Blade Parts for Slip Joint Folders
I will explain some of the different terms for parts of a folding knife on this page. This might satisfy some curiosity. Or you may find this information useful if you’re an amateur knifemaker yourself. In any case, I hope you find this to be an interesting read. Click on the image to see an enlarged version. Feel free to share this article’s link anywhere you wish. Some of these definitions use some more general folding knife terms in their explanations.
I should explain that these are the terms I use with my engineer, and when discussing knives with colleagues and manufacturers. These are the terms common to the cultures of 20th century Camillus, Schrade, and Bertram. Not all knife makers and manufacturers will agree 100% with me on all my knife terms, but these are the ones I use, and the ones I hear most often.
Blade Point (Tip)
The intersection of the front (edge) and back of the blade, intended for penetration or detailed cutting, very blunt on blades like the spey and very pointed on a blade like the clip point or stiletto.
In a well made knife it runs along the front of the blade from the tip to the choil. In a poorly designed or made knife there is either no choil or the plunge is too far toward the point, preventing the sharpening bevel to reach into the choil, this results in a poorly sharpened blade and ruined whetstones.
A small notch between the kick and the edge, allowing the edge to be sharp from tip to heel.
The end of the edge, near the handle.
The place where the grind begins leaving the tang unmarked. The ground area is much thinner, whereas the tang is much thicker than the ground area. The plunge is the transition between the two.
A grind on the top of the blade, usually to allow a finer tip for better penetration. It can be very short as on the obverse of the spey blade or very long as in the case of California clip.
Common Swedge: Starts at the point and fades away toward the rear of the blade.
Cut Swedge: Begins at the point and ends in a shoulder or plunge.
To narrow the point (tip) of the blade you lower the back, this can be done with a curve resulting in a drop point or spearpoint blade shape. The other way is to grind a flat, slanting area from the back of the blade to the tip giving us what is called a clip point blade or clipped blade.

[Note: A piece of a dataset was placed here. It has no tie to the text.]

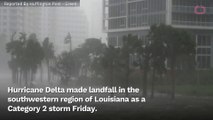 Hurricane Delta Makes Landfall In Louisiana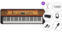Keyboard met aanslaggevoeligheid Yamaha PSR E360 Maple Deluxe SET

The place cut or pressed into the blade where a thumbnail is used to open the blade. The common nail mark is crescent shaped, the long pull is used on blades with shorter clips and is a long narrow channel near the back of the blade.

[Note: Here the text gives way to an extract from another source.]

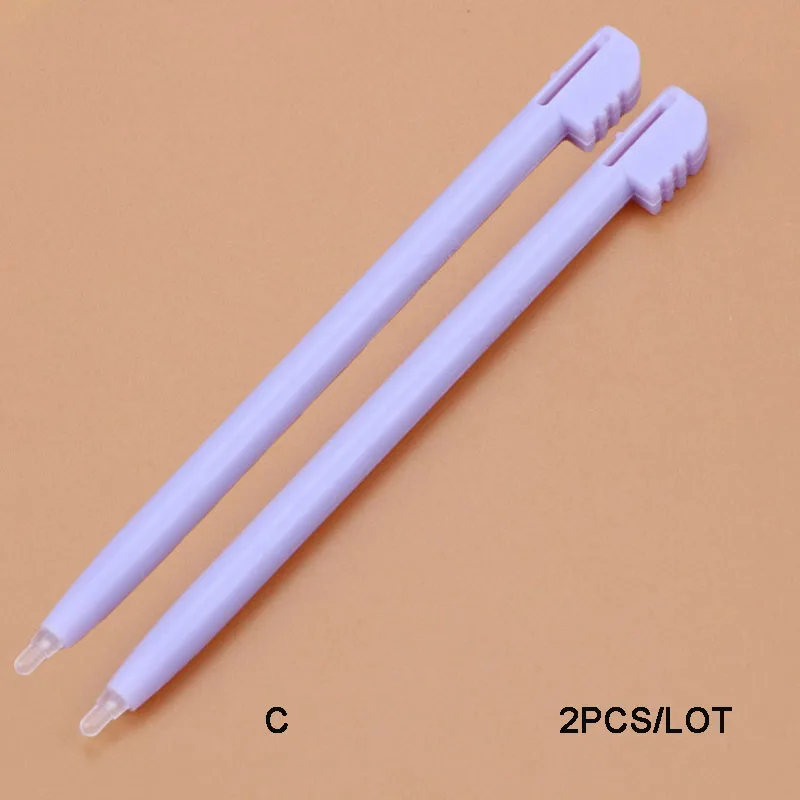 YuXi 2 buah untuk NDS NDSL NDSI XL pena plastik pena tulisan tangan layar pena layar sentuh pena permainan konsol pena resistensi sentuh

A projection at the front blade end of the tang, in most old knives it rests on the spring stopping the blade edge from impacting the hump in the backspring.
Polished area between the kick and the torque point (closing).

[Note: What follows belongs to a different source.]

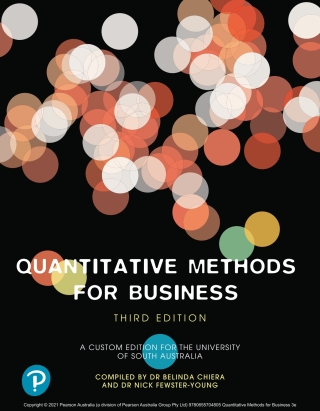 Cover image: Quantitative Methods for Business (Custom Edition) 3rd edition 9780655704805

Polished area between the backstop and the torque point (opening)
Tang Round End
The rounded end of the tang that results in a smooth transition of the blade from closed to open and open to closed.
Tang Square End
The square end of the tang that results in a jarring stop when the blade is half way open. Highly thought of by some collectors because of the difficulty of properly making it fit in todays handmade slipjoint knives where the tang end is flush with the end of the liners when the knife is closed and the tang back is flush with the liner ends when the blade is in half stop position.
A square end tang creates a point half way between the blade being open and being closed. When opening or closing, it stops the blade midway. This stop must be overcome to finish the movement.
The polished part of the spring front where the tang end and torque point move when opening and closing the blade.
The sound a blade makes when it snaps open or shut at the end of the walk, causing knife people to speak of the “Walk and talk” of the pocket knife, even though most of them have no idea of the meaning of “walk”.
Torque Point (Closing)
The small radius at the front end of the tang that moves along the walk of the spring causing the blade to snap closed.
Torque Point (Opening)
The small radius at the back end of the tang that moves along the walk of the spring causing the blade to snap open.
The sharp corner at the handle end of the blade back that sticks above the handle when the knife is closed and seems to threaten to rip a hole in the pocket. If this is not sharp it will not look good when open. In pen knives this was solved by using “sunk joints”
A method of hiding the backsquare by moving the pivot pin low enough in the handle that the backsquare is contained or nearly contained in the handle when the knife is closed.
That area between the Backsquare and the tang back where the end of the spring stops the opening rotation of the blade.